REQUIREMENT -
An exact copy of the data is needed, one that excludes all pictures.

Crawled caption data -
- - - -

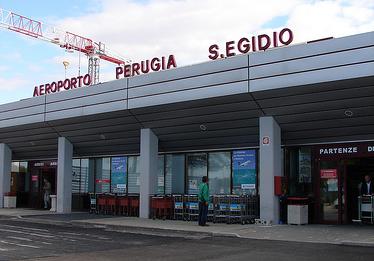 Aeroporto San Egidio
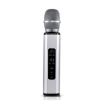 K6 Portable Inner Magnetic Dual Speaker Bluetooth Microphone - 1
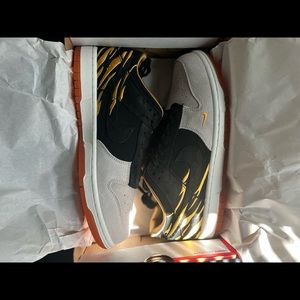 Year of the Tiger nike dunks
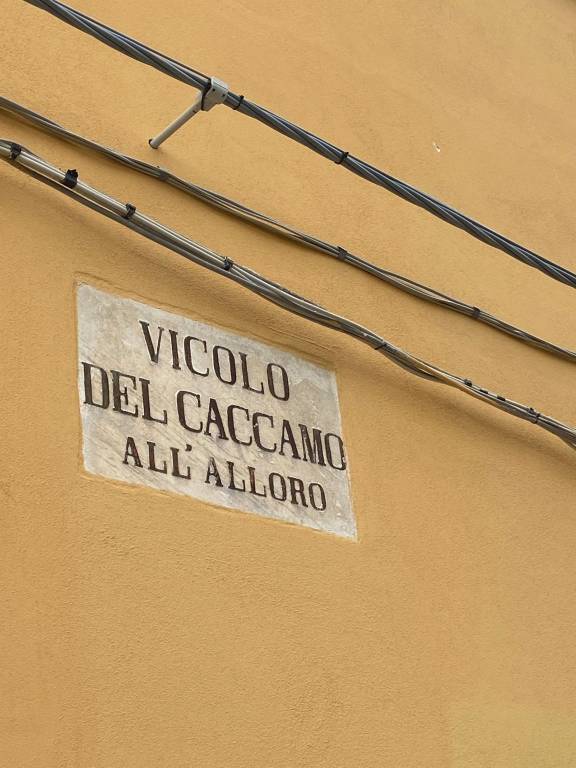 Attico in vendita a Palermo vicolo Caccamo all'Alloro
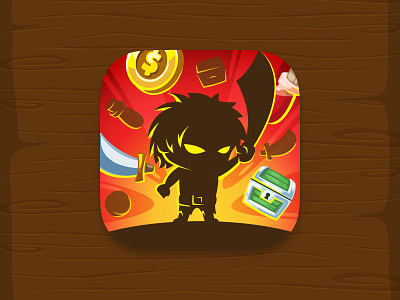 Pirate Story icon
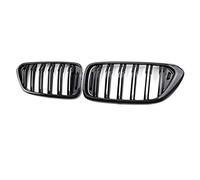 Grille De Pare-Chocs Pour BMW Série 6 Pour GT Pour G32 Grille Avant En Fibre Carbone Car Styling Sport Racing Grills 2017-2019 630I 640I 640I 620D 640D Pour XDrive Calandre Avant De Voiture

- - - -

PROBLEM SOLUTION -
 Aeroporto San Egidio
 K6 Portable Inner Magnetic Dual Speaker Bluetooth Microphone - 1
 Year of the Tiger nike dunks
 Attico in vendita a Palermo vicolo Caccamo all'Alloro
 Pirate Story icon
 Grille De Pare-Chocs Pour BMW Série 6 Pour GT Pour G32 Grille Avant En Fibre Carbone Car Styling Sport Racing Grills 2017-2019 630I 640I 640I 620D 640D Pour XDrive Calandre Avant De Voiture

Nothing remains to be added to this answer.